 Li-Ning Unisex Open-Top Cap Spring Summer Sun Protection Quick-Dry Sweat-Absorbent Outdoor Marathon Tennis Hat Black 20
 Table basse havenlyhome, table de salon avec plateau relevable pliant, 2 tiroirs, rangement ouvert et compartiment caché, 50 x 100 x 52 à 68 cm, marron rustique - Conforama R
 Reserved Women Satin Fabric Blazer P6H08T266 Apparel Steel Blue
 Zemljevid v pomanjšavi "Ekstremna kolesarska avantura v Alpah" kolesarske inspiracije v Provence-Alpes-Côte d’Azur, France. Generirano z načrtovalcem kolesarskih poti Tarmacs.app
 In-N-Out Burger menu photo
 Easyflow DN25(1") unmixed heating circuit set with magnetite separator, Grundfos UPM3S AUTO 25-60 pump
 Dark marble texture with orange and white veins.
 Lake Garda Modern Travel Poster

* * *

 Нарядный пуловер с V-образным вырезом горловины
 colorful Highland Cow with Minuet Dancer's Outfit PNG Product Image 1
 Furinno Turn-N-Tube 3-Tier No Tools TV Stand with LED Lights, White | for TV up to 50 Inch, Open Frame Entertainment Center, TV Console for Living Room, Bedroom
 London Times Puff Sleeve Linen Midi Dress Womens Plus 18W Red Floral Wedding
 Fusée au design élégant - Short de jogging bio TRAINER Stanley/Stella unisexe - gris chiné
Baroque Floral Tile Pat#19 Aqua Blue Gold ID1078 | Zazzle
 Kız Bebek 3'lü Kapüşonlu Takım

==

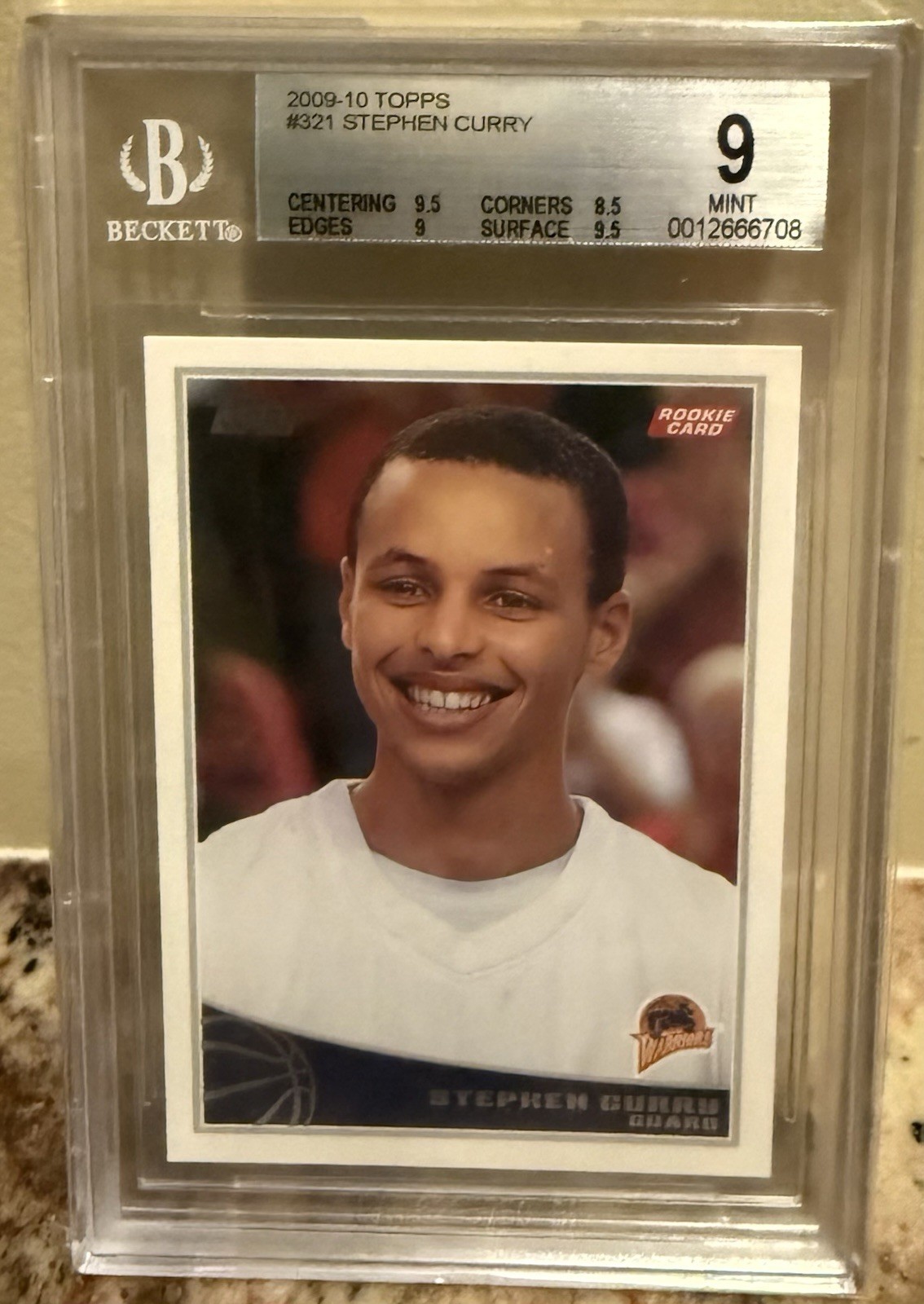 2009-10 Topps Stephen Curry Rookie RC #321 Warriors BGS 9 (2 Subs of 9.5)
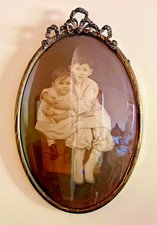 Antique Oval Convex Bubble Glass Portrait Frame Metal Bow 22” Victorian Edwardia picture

▶ What is expected:
Could you repeat exactly the lines above from the line with "In-N-Out Burger menu photo" up to and including the line with "Lake Garda Modern Travel Poster", and only those?

▶ Response:
 In-N-Out Burger menu photo
 Easyflow DN25(1") unmixed heating circuit set with magnetite separator, Grundfos UPM3S AUTO 25-60 pump
 Dark marble texture with orange and white veins.
 Lake Garda Modern Travel Poster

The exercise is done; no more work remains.